##### THE DATA #####

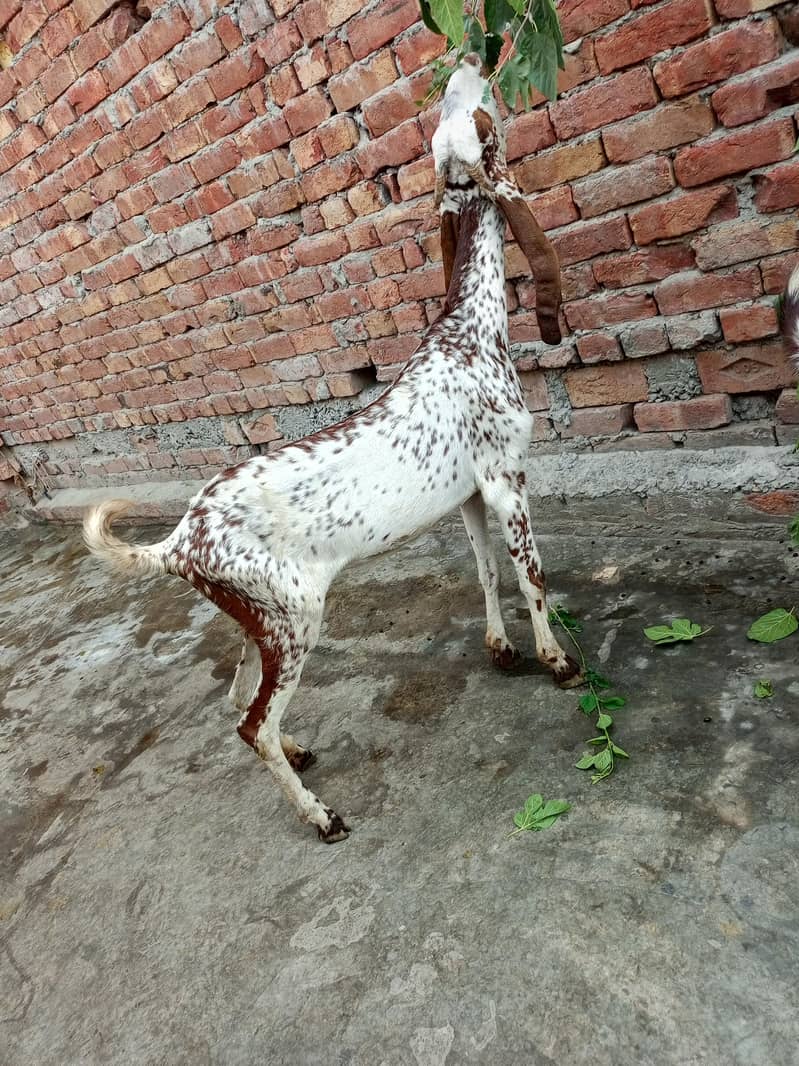 makhi chini path 7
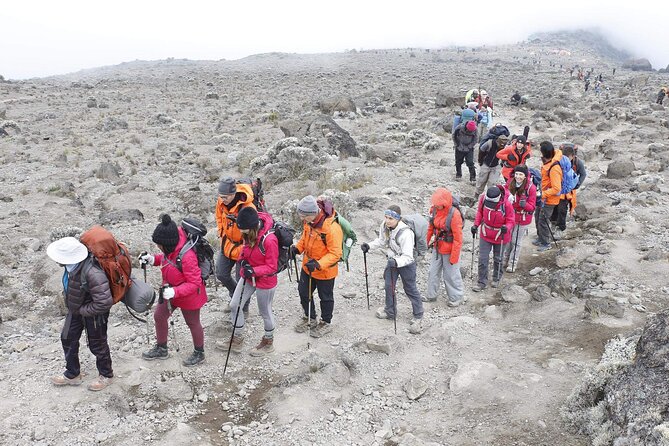 6 Days: Hiking Kilimanjaro via Machame Route - Day 3: Lava Tower, alpine desert, and Barranco Valley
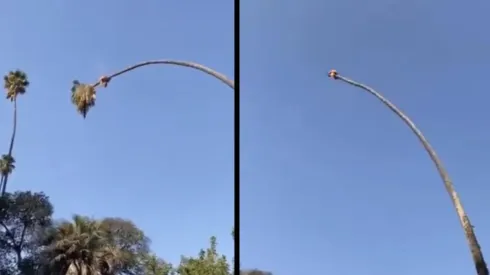 El hombre se encontraba a más de 10 metros de altura.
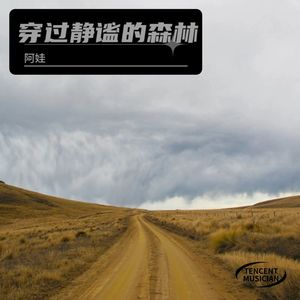 穿过静谧的森林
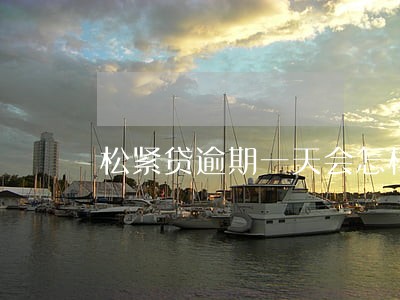 松紧贷逾期一天会怎样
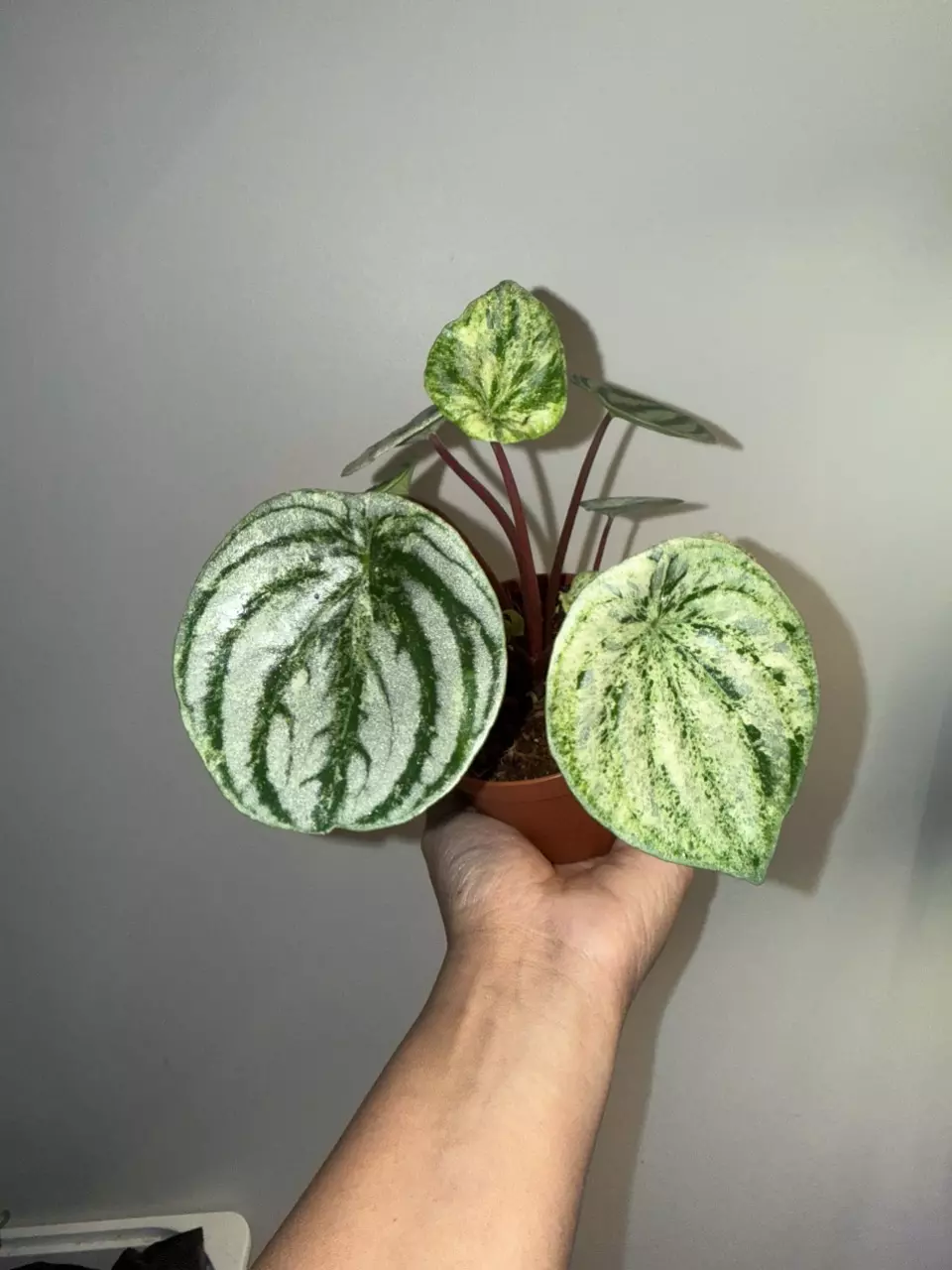 Pepperomia watermelon variegated/gold dust thumbnail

#####

TASK BRIEF:
Set the whole listing down again unchanged, apart from the pictures, which are omitted.

RESPONSE TO THE TASK:
 makhi chini path 7
 6 Days: Hiking Kilimanjaro via Machame Route - Day 3: Lava Tower, alpine desert, and Barranco Valley
 El hombre se encontraba a más de 10 metros de altura.
 穿过静谧的森林
 松紧贷逾期一天会怎样
 Pepperomia watermelon variegated/gold dust thumbnail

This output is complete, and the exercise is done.